At forty-two, Alex has written three successful historical novels and a book of non-fiction. He’s also a regular contributor to The Telegraph, The Economist, and Harper’s Bazaar, as well as reviewing books for the Observer New Review, Financial Times and The Spectator.
Living in Kent with his wife and two children, their family currently hosts a Ukrainian mother with her small son and his grandmother. I feel very lucky to be able to explore his writing practice and influences over lunch at The George in the town he has loved since childhood.

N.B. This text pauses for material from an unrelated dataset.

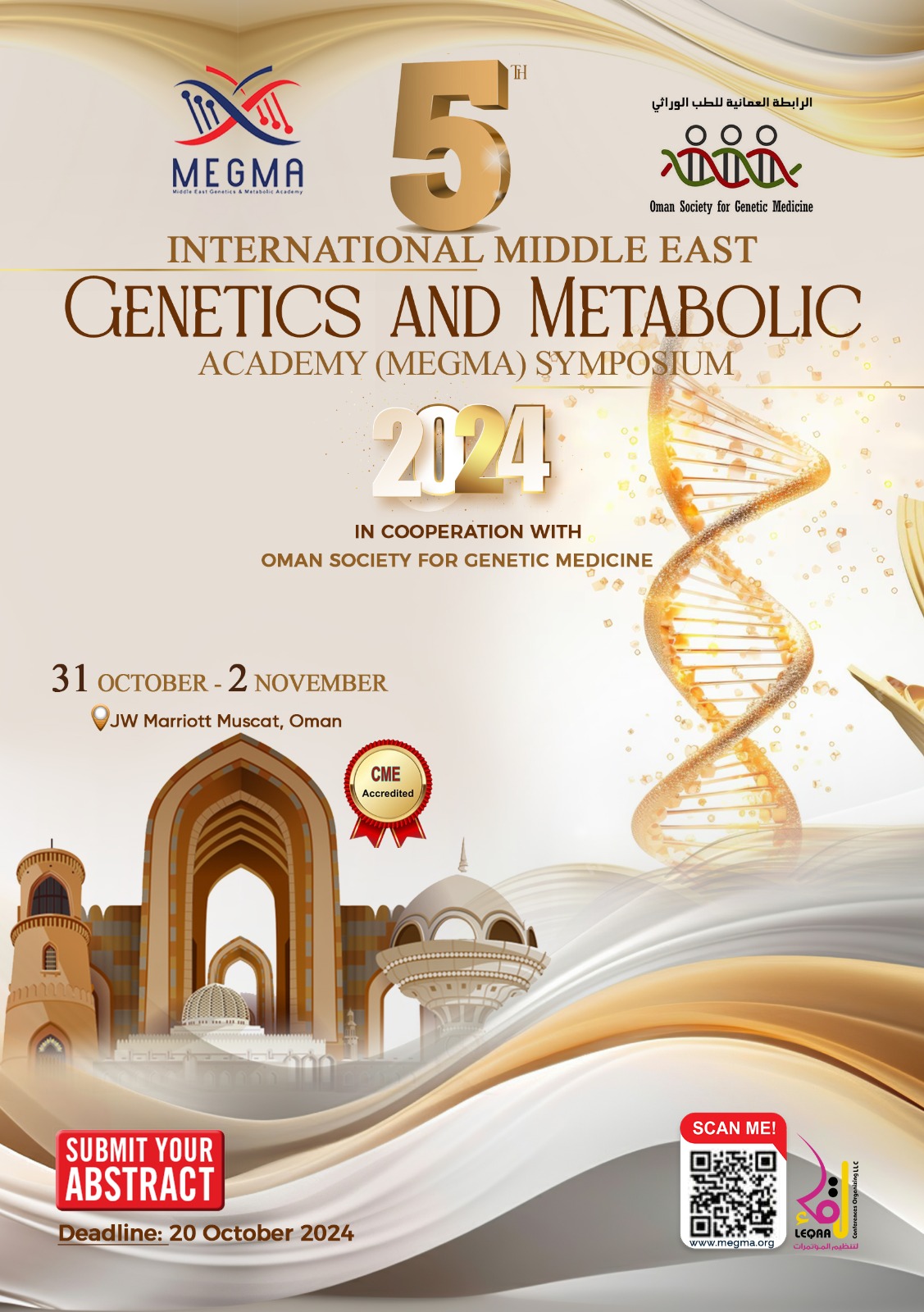 5th Middle East Genetics and Metabolic Academy Symposium (MEGMA)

Alex arrives bang on 12 noon and, as we decide on the menu, he apologises that in one hour, he will have to take a phone call which may take another hour out of our interview. I am fine with this, as the pause will give me time to begin writing my article. It seems Alex is familiar with the menu as he lunched recently at The George with his friend, Rupert Lord, to work together on a new Winchelsea TV series being developed by Hopscotch Films, who also have close connections in Rye. This exciting series is to be filmed here – and will hopefully appear on our screens in about eighteen months’ time.
Conscious of time, we order quickly…a chilli salt squid starter, followed by onglet steak and chimichurri sauce, sides of thin chips and braised baby gem lettuce for Alex. I opt for a whipped beetroot and feta starter, then the freshly caught local fish with chips.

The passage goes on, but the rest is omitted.